セメタリーの管理人となり、フリオとカタリーナの墓標を見る度に、いくら生活費に困っていたとは言え、二人の隣人の命を奪う手伝いをしたことで、いつも良心の呵責(かしゃく)に苛(さいな)まれて来た。花を二人の墓前に供えるのは、ほんの少しでも重罪を心の中で詫びるためだったと涙ながらに告白した。

ティムはフリオとカタリーナの殺人の片棒を担いだ罪を許せなかったが、小さい孫と息子夫婦がいる老い先短いフェリックスを警察に告発する気にはなれず、そのままにしてホテルに戻った。

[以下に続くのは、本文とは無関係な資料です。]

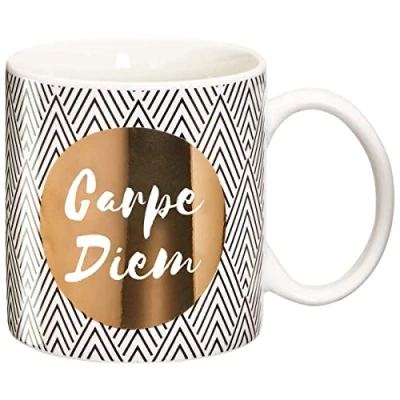 Afbeelding van DRAEGER PARIS Carpe Diem, originele mok, theekopje als cadeau voor je dierbaren, koffiekop van fijn porselein, 350 ml, 8 cm diameter x 8,5 hoogte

その夜、ニューヨークに戻る準備を終えたティムは、部屋にマリア、カールそれにボクを集めて、再び事情を説明した。

「殺人事件だったとはな」

 カールが溜息をついた。

「本当に犯罪組織って恐ろしいわ。人の命を何とも思っていないのね」

 マリアは両腕で体を抱え、体を振るわせた。

「最初は交通事故だと思っていたが、次は自殺に変り、今度は殺人事件になった。明日飛行機に乗る前にもう一度地元警察に行って来るよ。間違った捜査と情報の公開でフリオとカタリーナの名誉をひどく傷つけたんだ。警察は二人の名誉を回復する義務がある。しかし誤りはそう簡単に認めないだろう。事実を発表すれば、警察は非難の的になるからな。ニューヨークに帰ったら市警の捜査本部に出向き、事情を説明することになっている。フリオとカタリーナを計画的に轢き殺したサントスは改めて殺人容疑で指名手配されるだろう」

「フリオとカタリーナが自殺じゃなかったとわかって、何だかほっとしたわ。わたしを見捨てて自殺したんじゃなかったことがわかったんだから」

 マリアが呟くように言った。

「俺もほっとした。これ以上誤解されたら二人は浮かばれない」

 ティムは胸を撫で下ろしていた。

「さあ、寝るか。明日も早い」

 ボクらは自分の部屋に戻った。